Le point fort du documentaire réside dans son utilisation des différentes archives auxquelles les réalisateurs ont eu accès. En effet, grâce à María España, la veuve d’Umbral, ils ont pu disposer du domicile conjugal et ont récolté des archives inédites telles que des enregistrements, des photographies, ou encore des dessins qui viennent nourrir le long métrage. On trouve notamment des extraits audios ou visuels de l’entretien d’Umbral avec l’écrivain et journaliste Fernando Sánchez Dragó dans l’ancienne émission littéraire de la RTVE Negro sobre blanco. Quant à la narration du documentaire, celle-ci est assurée par l’actrice Aitana Sánchez-Gijón.
La chose la plus étonnante est la manière dont les archives dévoilent un autre Umbral. Par exemple, dans la troisième partie intitulée Mortal y rosa, où est évoquée la leucémie de son fils «Pincho» et son tragique décès, les archives ont permis de récupérer des dessins réalisés par Umbral et des fragments audios où ce dernier fait tout pour soulager la douleur de son fils. Avec ses dessins et ses talents de conteur, le père raconte une histoire à son fils mourant, celle d’un robot qui explore l’espace.

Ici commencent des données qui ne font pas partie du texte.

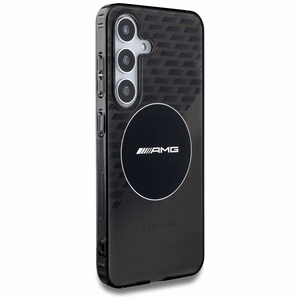 AMG Magnetinis permatomas rombų dėklas telefonui Samsung Galaxy S25 - juodas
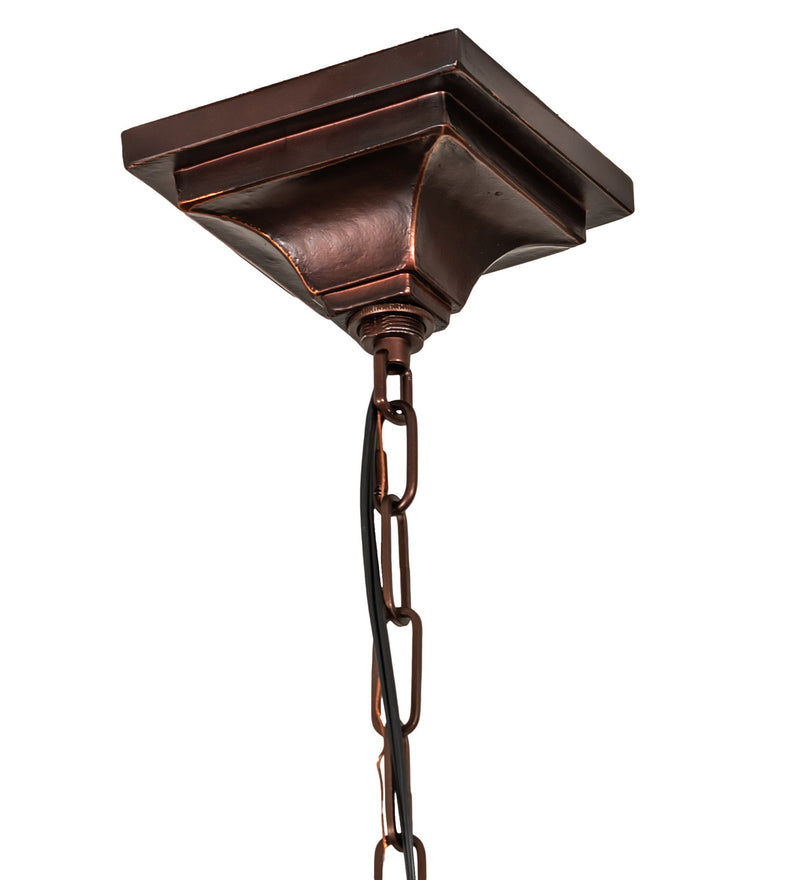 Meyda Tiffany 36195 Four Light Inverted Pendant Hardware, Mahogany Bronze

Un moment touchant qui voit un changement physique audible: la voix du personnage public est remplacée par celle d’un père, bien différente de celle entendue dans les médias… En effet, la plupart de ses compatriotes le connaissent pour sa fameuse séquence-scandale dans une émission télévisée où il avait déclaré «Moi, je suis venu ici pour parler de mon livre» qui, selon certaines voix du documentaire telles que celle de la journaliste Rosa Montero, a causé beaucoup de tort à son œuvre…

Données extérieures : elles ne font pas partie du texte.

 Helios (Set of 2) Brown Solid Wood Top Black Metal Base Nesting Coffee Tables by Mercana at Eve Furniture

Le chroniqueur, le lauréat et le voyou
Dans le long métrage, les différents intervenants tels que Pedro J. Ramírez, fondateur du journal espagnol El Mundo (et ancien patron d’Umbral), ou le chanteur de rock Ramoncín soulignent l’habileté du défunt écrivain pour saisir son époque dans ses textes. A ces voix plutôt élogieuses, d’autres avis plus critiques tels que celui de la professeure Bénédicte de Buron-Brun nous exposent la stratégie de «marketing littéraire» employée par Umbral pour s’inscrire dans cette lignée des écrivains dandys. Sa consécration? En 2000, il est lauréat du prestigieux Prix Cervantès (équivalent, pour un écrivain hispanophone, du Prix Nobel). C’est la revanche de cet autodidacte littéraire, fils d’une mère célibataire, face aux tenants de la «grande littérature».

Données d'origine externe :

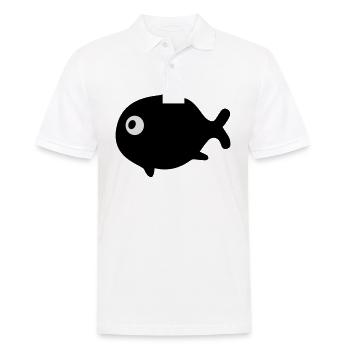 Fisch - Männer Poloshirt - Weiß - Vorne - Kai (181cm)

En une heure et trente minutes, Anatomía de un Dandy permet d’entrer dans l’univers de l’auteur et ses multiples facettes, notamment celles de l’écrivain et du journaliste. A ce propos, saviez-vous qu’Umbral était surtout connu en tant que chroniqueur et que ses chroniques des années 70 étaient lues, quotidiennement, par 1 million de lecteurs? Ses courts textes de société, souvent corrosifs et implacables envers les personnes qu’il dénonçait (il faisait apparaître leurs noms en gras dans ses chroniques, les fameuses «negritas de Umbral») ont fait de lui le baromètre de la société espagnole des trois dernières décennies du XXe siècle. Certains lui attribuent même l’invention du terme movida… Le titre de sa première chronique, «Diario de un snob» (traduisez: «Journal d’un snob»), relève bien l’humeur du personnage qui se définissait comme «un voyou vêtu par Pierre Cardin». Alors, et maintenant, connaissez-vous vraiment Francisco «Paco» Umbral?